Might be to few people's taste but carbon door cards in gloss just looks tacky! Leather with a mix of alcantara is a better choice. Important to know when to take a step back with carbon some people end up putting it everywhere.


----------



## nightcrawler (May 7, 2010)

FRRACER said:


> Might be to few people's taste but carbon door cards in gloss just looks tacky! Leather with a mix of alcantara is a better choice. Important to know when to take a step back with carbon some people end up putting it everywhere.


+1

i dont have any carbon touch with my car but just thought it might be good. no to everyone's preference hence i prefer alcantara for more classy and simple looks


----------



## peckhs (Jul 20, 2013)

I don't think I can carbon dip the fibreboard.
Wrapping with leather and Alcantara is the best choice, but I may just do a wrap for something different.


----------



## peckhs (Jul 20, 2013)

It's been a few weeks, and I have finally gotten the panels sanded 





















Next I will have to decide what I want to do.

I can

1) rewrap them in leather/Alcantara
2) putty them and plastic dip them
3) use the panels to make a carbon panel
4) flock them...
5) wrap them in velvet

Unfortunately No 4 is not available in my country...

Any suggestions?


----------



## SamboGrove (Jun 27, 2010)

I would say leather/alcantara or carbon.

Carbon be a bit much though in your car. I saw in the other retrim thread that you have the carbon dash. Maybe a bit too much carbon with the door panels as well?


----------



## R3Twist (Feb 10, 2012)

I'm thinking of giving this a go now. I thought the door cards would just fall apart.
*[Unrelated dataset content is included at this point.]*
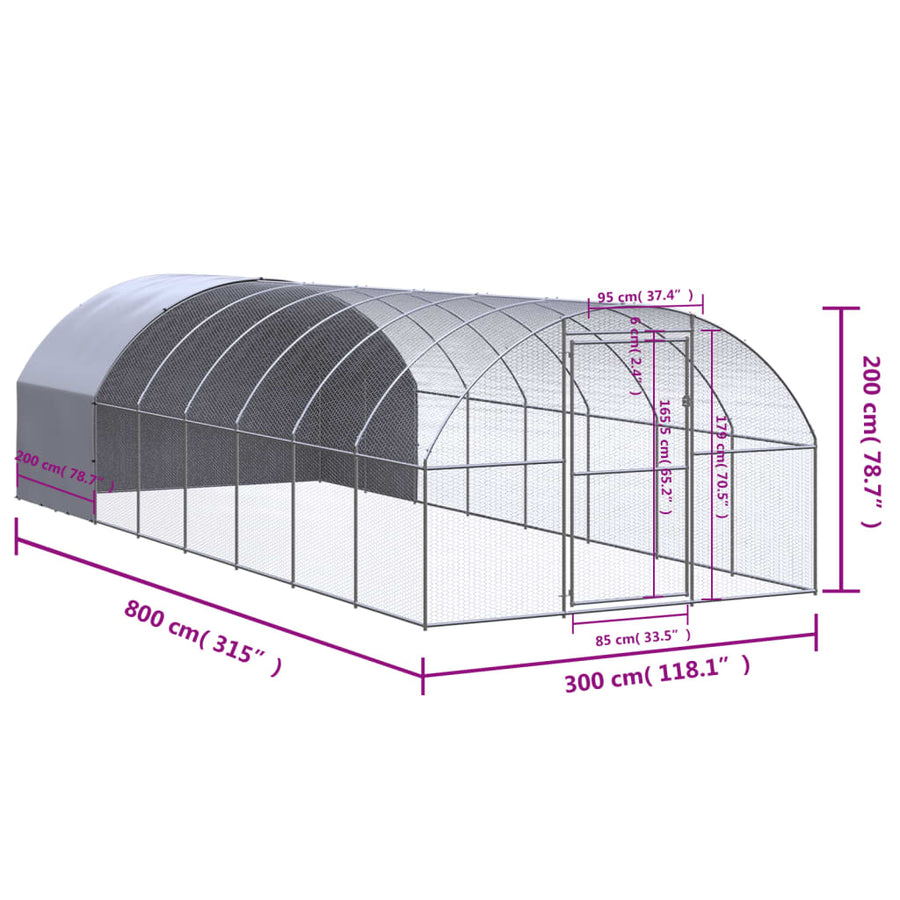 Kippenren 3x8x2 m gegalvaniseerd staal 3 x 8 x 2 m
But they still look really solid even after you rubbed them all down. Good work.


----------



## peckhs (Jul 20, 2013)

SamboGrove said:


> I would say leather/alcantara or carbon.
> 
> Carbon be a bit much though in your car. I saw in the other retrim thread that you have the carbon dash. Maybe a bit too much carbon with the door panels as well?


I am thinking that too..
But I am also thinking to try other materials...
I'll see what the retrimmers have at their shop


----------